TASK DETAILS:
Working from the entries that follow, retype each one without any alteration.

■ ■ ■

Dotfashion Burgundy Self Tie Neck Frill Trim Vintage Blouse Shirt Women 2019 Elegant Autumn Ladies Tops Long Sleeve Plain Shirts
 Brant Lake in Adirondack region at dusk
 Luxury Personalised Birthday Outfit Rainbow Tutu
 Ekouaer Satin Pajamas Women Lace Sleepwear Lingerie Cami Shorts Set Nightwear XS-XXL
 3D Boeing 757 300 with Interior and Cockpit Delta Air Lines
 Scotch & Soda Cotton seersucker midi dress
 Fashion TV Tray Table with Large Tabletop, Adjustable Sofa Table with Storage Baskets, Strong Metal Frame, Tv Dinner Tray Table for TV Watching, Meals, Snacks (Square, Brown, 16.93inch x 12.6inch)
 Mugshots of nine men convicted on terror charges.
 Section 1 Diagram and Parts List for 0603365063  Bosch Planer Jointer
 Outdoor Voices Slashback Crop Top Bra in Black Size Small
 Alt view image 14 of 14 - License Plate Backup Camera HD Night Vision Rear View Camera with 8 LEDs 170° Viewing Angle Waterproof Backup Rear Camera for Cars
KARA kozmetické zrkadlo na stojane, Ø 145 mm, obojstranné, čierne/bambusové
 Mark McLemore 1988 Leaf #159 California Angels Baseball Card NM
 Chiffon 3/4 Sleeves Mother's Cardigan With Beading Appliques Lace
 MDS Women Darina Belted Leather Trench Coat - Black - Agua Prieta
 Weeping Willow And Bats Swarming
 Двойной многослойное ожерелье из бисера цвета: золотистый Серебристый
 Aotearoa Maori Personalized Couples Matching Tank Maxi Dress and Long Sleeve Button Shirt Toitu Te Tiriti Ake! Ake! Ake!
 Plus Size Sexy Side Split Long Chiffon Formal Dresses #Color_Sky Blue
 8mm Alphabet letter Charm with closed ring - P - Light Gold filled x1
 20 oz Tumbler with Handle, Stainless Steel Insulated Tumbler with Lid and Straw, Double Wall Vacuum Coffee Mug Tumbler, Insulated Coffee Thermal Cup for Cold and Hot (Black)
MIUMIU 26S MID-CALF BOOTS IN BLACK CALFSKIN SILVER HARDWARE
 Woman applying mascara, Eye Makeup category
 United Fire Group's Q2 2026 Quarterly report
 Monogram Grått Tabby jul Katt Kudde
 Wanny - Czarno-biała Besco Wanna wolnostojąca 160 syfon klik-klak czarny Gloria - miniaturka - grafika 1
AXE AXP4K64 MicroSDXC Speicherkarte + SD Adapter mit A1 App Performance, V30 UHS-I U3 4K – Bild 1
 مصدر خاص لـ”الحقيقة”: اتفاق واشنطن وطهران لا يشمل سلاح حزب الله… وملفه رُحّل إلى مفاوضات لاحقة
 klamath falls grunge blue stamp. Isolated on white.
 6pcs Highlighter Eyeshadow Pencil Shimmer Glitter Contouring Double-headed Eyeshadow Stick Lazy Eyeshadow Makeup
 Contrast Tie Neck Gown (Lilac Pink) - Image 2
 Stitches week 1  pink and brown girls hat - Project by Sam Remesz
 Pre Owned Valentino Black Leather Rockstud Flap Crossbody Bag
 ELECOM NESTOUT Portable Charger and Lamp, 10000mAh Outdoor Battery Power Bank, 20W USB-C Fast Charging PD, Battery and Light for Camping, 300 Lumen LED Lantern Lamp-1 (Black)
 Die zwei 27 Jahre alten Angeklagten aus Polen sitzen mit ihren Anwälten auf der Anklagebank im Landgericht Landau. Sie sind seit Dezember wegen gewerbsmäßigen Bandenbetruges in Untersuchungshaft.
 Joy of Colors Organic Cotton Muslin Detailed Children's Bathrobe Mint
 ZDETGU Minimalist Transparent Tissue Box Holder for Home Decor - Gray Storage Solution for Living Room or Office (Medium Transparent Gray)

■ ■ ■

RESULT:
Dotfashion Burgundy Self Tie Neck Frill Trim Vintage Blouse Shirt Women 2019 Elegant Autumn Ladies Tops Long Sleeve Plain Shirts
 Brant Lake in Adirondack region at dusk
 Luxury Personalised Birthday Outfit Rainbow Tutu
 Ekouaer Satin Pajamas Women Lace Sleepwear Lingerie Cami Shorts Set Nightwear XS-XXL
 3D Boeing 757 300 with Interior and Cockpit Delta Air Lines
 Scotch & Soda Cotton seersucker midi dress
 Fashion TV Tray Table with Large Tabletop, Adjustable Sofa Table with Storage Baskets, Strong Metal Frame, Tv Dinner Tray Table for TV Watching, Meals, Snacks (Square, Brown, 16.93inch x 12.6inch)
 Mugshots of nine men convicted on terror charges.
 Section 1 Diagram and Parts List for 0603365063  Bosch Planer Jointer
 Outdoor Voices Slashback Crop Top Bra in Black Size Small
 Alt view image 14 of 14 - License Plate Backup Camera HD Night Vision Rear View Camera with 8 LEDs 170° Viewing Angle Waterproof Backup Rear Camera for Cars
KARA kozmetické zrkadlo na stojane, Ø 145 mm, obojstranné, čierne/bambusové
 Mark McLemore 1988 Leaf #159 California Angels Baseball Card NM
 Chiffon 3/4 Sleeves Mother's Cardigan With Beading Appliques Lace
 MDS Women Darina Belted Leather Trench Coat - Black - Agua Prieta
 Weeping Willow And Bats Swarming
 Двойной многослойное ожерелье из бисера цвета: золотистый Серебристый
 Aotearoa Maori Personalized Couples Matching Tank Maxi Dress and Long Sleeve Button Shirt Toitu Te Tiriti Ake! Ake! Ake!
 Plus Size Sexy Side Split Long Chiffon Formal Dresses #Color_Sky Blue
 8mm Alphabet letter Charm with closed ring - P - Light Gold filled x1
 20 oz Tumbler with Handle, Stainless Steel Insulated Tumbler with Lid and Straw, Double Wall Vacuum Coffee Mug Tumbler, Insulated Coffee Thermal Cup for Cold and Hot (Black)
MIUMIU 26S MID-CALF BOOTS IN BLACK CALFSKIN SILVER HARDWARE
 Woman applying mascara, Eye Makeup category
 United Fire Group's Q2 2026 Quarterly report
 Monogram Grått Tabby jul Katt Kudde
 Wanny - Czarno-biała Besco Wanna wolnostojąca 160 syfon klik-klak czarny Gloria - miniaturka - grafika 1
AXE AXP4K64 MicroSDXC Speicherkarte + SD Adapter mit A1 App Performance, V30 UHS-I U3 4K – Bild 1
 مصدر خاص لـ”الحقيقة”: اتفاق واشنطن وطهران لا يشمل سلاح حزب الله… وملفه رُحّل إلى مفاوضات لاحقة
 klamath falls grunge blue stamp. Isolated on white.
 6pcs Highlighter Eyeshadow Pencil Shimmer Glitter Contouring Double-headed Eyeshadow Stick Lazy Eyeshadow Makeup
 Contrast Tie Neck Gown (Lilac Pink) - Image 2
 Stitches week 1  pink and brown girls hat - Project by Sam Remesz
 Pre Owned Valentino Black Leather Rockstud Flap Crossbody Bag
 ELECOM NESTOUT Portable Charger and Lamp, 10000mAh Outdoor Battery Power Bank, 20W USB-C Fast Charging PD, Battery and Light for Camping, 300 Lumen LED Lantern Lamp-1 (Black)
 Die zwei 27 Jahre alten Angeklagten aus Polen sitzen mit ihren Anwälten auf der Anklagebank im Landgericht Landau. Sie sind seit Dezember wegen gewerbsmäßigen Bandenbetruges in Untersuchungshaft.
 Joy of Colors Organic Cotton Muslin Detailed Children's Bathrobe Mint
 ZDETGU Minimalist Transparent Tissue Box Holder for Home Decor - Gray Storage Solution for Living Room or Office (Medium Transparent Gray)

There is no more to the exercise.